- Born: Archana Mohan 18 July 1946 Srinagar, Jammu and Kashmir, British India
- Died: 4 January 2012 (aged 65) Pune, Maharashtra
- Occupation: Actress
- Years active: 1962–1967
- Known for: Professor

= Kalpana Mohan =

Indian actress (1946–2012

Kalpana (born Archana Mohan; 18 July 1946 – 4 January 2012) was an Indian actress who worked in Hindi cinema in the 1960s. She featured alongside notable actors such as Shammi Kapoor in the film Professor (1962), Shashi Kapoor and Kishore Kumar in Pyar Kiye Jaa (1966), Dev Anand in Teen Devian, Pradeep Kumar in Saheli and Feroz Khan in Tasveer and Teesra Kaun.

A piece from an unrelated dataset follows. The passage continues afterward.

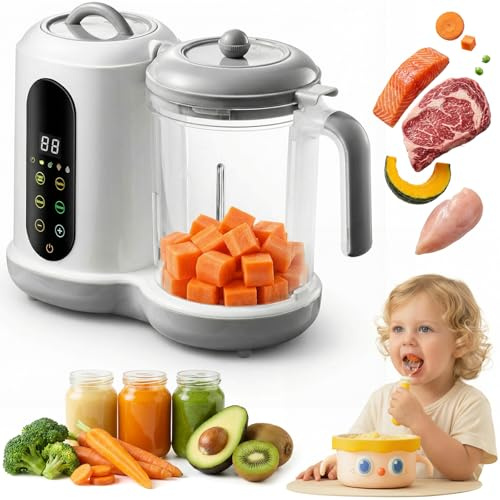 Multifunctional Baby Food Processor and Steamer – Preset Modes for Easy Cooking, Touch Screen Operation, BPA-Free, Tailored for Homemade Baby Food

The daughter of revolutionary Avani Mohan, Kalpana was also an accomplished Kathak dancer trained under the guidance of Pandit Shambhu Maharaj. She lived in Pune with her family. She lived for some time in Ambala Cantt. For some years she went to a school in Ambala Cantt. Her father was working in Khadi and village Industries Commission in the state office situated on Nicklson road in Ambala Cant during 1962–63.

==Early life==
Kalpana Mohan, born as Archana Mohan in Srinagar on 18 July 1946, was of Panjabi and Dogra descent. Her father, Avani Mohan, was a freedom fighter and an active member of the All India Congress Committee. He was close to Pandit Jawaharlal Nehru and other prominent Congress stalwarts. Kalpana was trained in Kathak and was often invited by Pandit Nehru to perform at the Rashtrapati Bhavan whenever dignitaries visited.

== Career ==
Kalpana was discovered by actor Balraj Sahani and Urdu writer Ismat Chughtai, who encouraged her to come to Mumbai. Kalpana's debut film, Pyaar Ki Jeet, lasted a week in theatres. Her second film, Naughty Boy (1962) followed by her third film, Professor, released in 1962 which was a rare entertainer, and left the viewers delighted and satisfied. The film starred Shammi Kapoor, who earned a Filmfare nomination as Best Actor. In 1965, Kalpana starred in another successful film, Teen Devian, alongside Dev Anand. Her next film, the comedy Pyar Kiye Jaa came out in 1966. That same year, She also starred in Biwi aur Makan opposite Biswajit. Kalpana had a brief but successful career in Bollywood in the 60's and 70's but retired after she got married. Some of her last films were Saheli (1965), Picnic (1966), Tasveer (1966) and Nawab Siraj ud Daula in 1967.

== Filmography ==

| Year | Film | Notes |
| 1962 | Pyaar Ki Jeet | Debut Film |
| Naughty Boy |  |
| Professor |  |
| 1965 | Saheli |  |
| Teen Devian |  |
| Teesra Kaun |  |
| 1966 | Pyar Kiye Jaa |  |
| Picnic |  |
| Tasveer |  |
| Biwi Aur Makan |  |
| 1967 | Nawab Siraj ud Daula |  |
| 1972 | Ek Bechara |  |

== Personal life ==
Kalpana was married twice. In the mid-1960s, she married screenwriter and film director Sachin Bhowmick, but their marriage ended in a quick divorce. In 1967, she married an Indian Navy officer, with whom she had her only daughter. However, this marriage also ended in divorce in 1972.

Despite raising her daughter as a single parent, she ensured that her daughter received the best possible education. She continued to live in Mumbai for a while but stopped acting to focus on raising her daughter. She moved to Kalyani Nagar in the eastern region of Pune in the early 1990s and spent her remaining life there following medical advice to live in a cleaner climate for her health.

Kalpana's daughter later married and moved to the United States with her husband. Kalpana lived by herself in Pune where her health gradually began to deteriorate.

== Death ==
In 2011, Kalpana filed a complaint at the Khadak police station in Pune claiming that three individuals had allegedly made a fake memorandum of understanding by forging her signature. She alleged that they used this forged document to sell her 56.18 hectare plot of land in Mauje Visagar village to Sahara City builders in 2007. The stress caused by this legal matter took a toll on her health, further weakening her condition even more.

As her health declined, particularly due to cancer and a bout of pneumonia, her daughter and son-in-law travelled from the US to care for her. Kalpana died at the age of 65 in the early hours of 4 January 2012 at the Pune Hospital and Research Centre. Her death was attributed to complications from cancer.

She is survived by her daughter, Preeti Mansukhani, son-in-law, Harish; and grandchildren, Yash and Khushi. Kalpana's final rites were performed at the Vaikunth crematorium attended by her family and close friends. The news of her death was kept private for several days, as her family was concerned about the attention her property might attract.